If we know what it is, what do we do about it? I could spend the rest of my life working with those people I meet … I could even make some kind of consulting/coaching practice out of it. But should I? Just because people invite me to do it – does than mean I ought to?

It is worthwhile, joyful, gratifying, selfless, and lovely. But it leaves me slightly unfulfilled. I feel … a bit hollow while in the midst of it. What does that suggest?

And strategically, is it the best way … the most whole way to use that gift? It might not be below me to be some counselor for the rest of my life, but is it below that knack for seeing brilliance inside of people?

This is nothing like rolling out a string of credentials. I can walk into any room with my Associate of Arts in International Studies, Bachelor of Arts in Economics, and Masters of Science in Environmental Economics and people know (or think they know) which categories to pop me into – especially if I tag those certificates with experience in consulting, international policy, and venture investment. But I couldn’t generate enough mustard to walk into the same room and explain what I see in each person around the table … or even just say I’ve been invited, all my life, to do that exact thing and they ought to invite me to do the same.

If we would do as only we can do, what do we do now? How does this get started? How do we rein in our options and tailor our path to do more things in that seemingly bizarre category of gifts/knacks?

I’d love it if you’d wade in. Speak up if you have something to add or even another question to ask. I’d like to see comments from Dave Pollard (he’s working his way through), Hugh MacLeod (he seems to have found his feet), and Chris Corrigan (he’s looking from a totally different angle).

Commentary

Jeremy:

This is a lovely post and a lovely question. Can I share an answer I shared with a friend last year who asked the same question? Here is what I wrote to her…

This process of writing about what we do is actually a practice. I revisit all the time. This is why I use a wiki for my website: it’s easy to update!

And so having said that, here is something like a practice I might use.

I usually work with draft text like you have and then I ask a few questions about what I want to say and who I am in the world and then I write poetry. So take it from the first step:

1. This draft material is good. I would write more though. Think about all the offers you make (you do body work too…add it to the list). Think about the intangible stuff you do, the stuff that happens when you lend your presence to it.

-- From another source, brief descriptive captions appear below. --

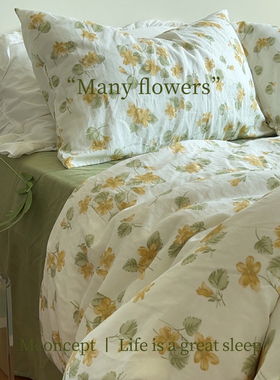 月光集【满溪】春夏全棉有氧双层纱碎花四件套纯棉小清新被套床品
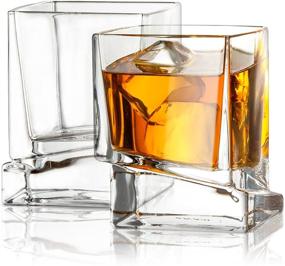 img 4 attached to 🥃 JoyJolt Carre Square Scotch Glasses, Crystal Clear Whiskey Glasses, 10-Ounce, Perfect for Bourbon and Other Liquors, Set of 2 High-Quality Glassware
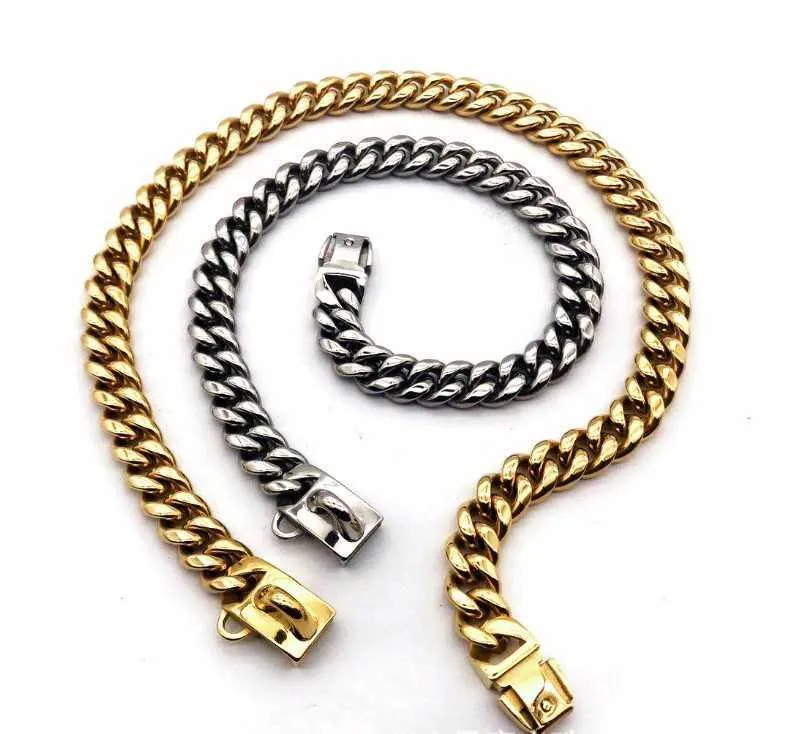 Petit moyen grand collier de chien en acier inoxydable 14mm collier de collier de chien de compagnie chaîne P chaîne en or pour bouledogue français Pitbull 2107297945862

Get a sense for the flavour of YOU within your work, your gift as PG and not anyone else.

2. Start with a fresh sheet of paper and create some fierce questions for yourself, like:

* Who am I in the world?
* Who do I want to be?
* What purpose burns in me?
* What good do I make, what legacy do I leave daily and as a lifetime spent in practice supporting others?
* What do I want to offer to others, and what invitation do I want to create for others to join me?
* Who do I work with and what do we offer one another in the deep mutuality of partnership and collaboration?
* What am I inviting people to do with their work and lives?
* How do I support the floursihing of deep intention and the profound needs of people who want to make a difference with their work?

Something like that.

2a. Having created that list of questions, go and sit on the beach an hour before low tide and ask them into the world and listen for the teachings that come in when the tide turns and the ocean delivers the answers to you. Don’t leave the beach until your feet get wet. You have to have an experience of dipping your feet into the ocean of possiblities for the shiver to travel up your spine and confirm the ground you are now standing upon.

3. Harvest the poetry of this experience and find language that captures your heart and explains yourself to others.

4. Repeat as necessary.

Thank-you Chris. I was waiting for you to come.

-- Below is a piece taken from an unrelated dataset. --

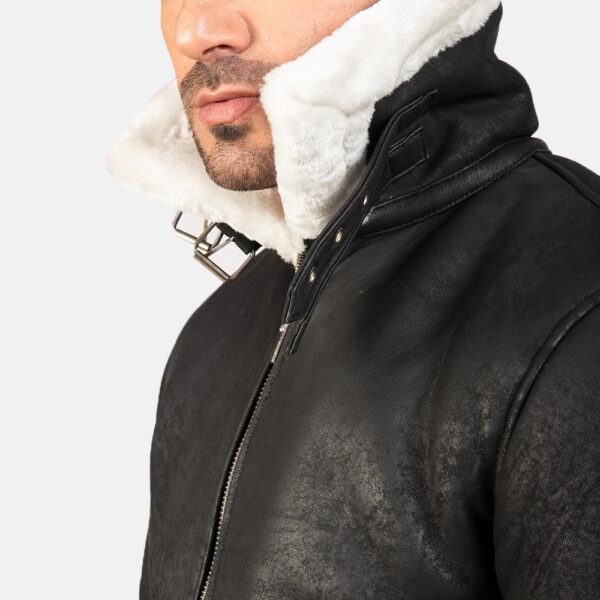 Francis B-3 Distressed Black Leather Bomber Jacket - Image 6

Your insight that answering these questions is a practice, rather than a single answer, is a beautiful expression. In moments where these questions burn brightest, there is such a deep longing for a single, clear, sustaining answer. Like so many questions, these ones are paths, and it’s exactly what I hoped you’d explain.

The silence, loneliness, and timelessness described while waiting for the waves is just the right sense. I’ve always felt like I was invited but still waiting for the door to swing open. That I had to show intent to walk through but still had to sit by the door.

The questions you list are all the big ones – the heavies. One I would add, “What am I uniquely able to give, see, or ask?”

I almost just asked if you hadn’t only used more words to put us where I left us. Points 2a and 3 are so small, tucked in underneath the weight of 1 and 2. It’s easy to overlook what happens in the last three points.

All of us burn to answer these questions. Few actually ask. And of those few, nearly none sit down to hear the answer.

Do you agree that if we would do as only we can do – we must simply ask and listen?

Set our selves into those questions. Exude intent to know.

Let those questions guide our ears, eyes, and thoughts. Listen. Attend to that knowing.

Then the answers are like paths, revealing themselves as one short stretch at a time.

Another question, when you’ve got time: As you’ve asked your own questions and observed others doing the same, each with intent to live within the answers that are found, is there a struggle to remain consistent? Or is inconsistency more a product of misunderstanding?

Saturday Links for the Week – April 7, 2007…

Jeremy.

What a beautiful question. I’m leaping with things to say about it; you struck a whole series of rippling chords in me.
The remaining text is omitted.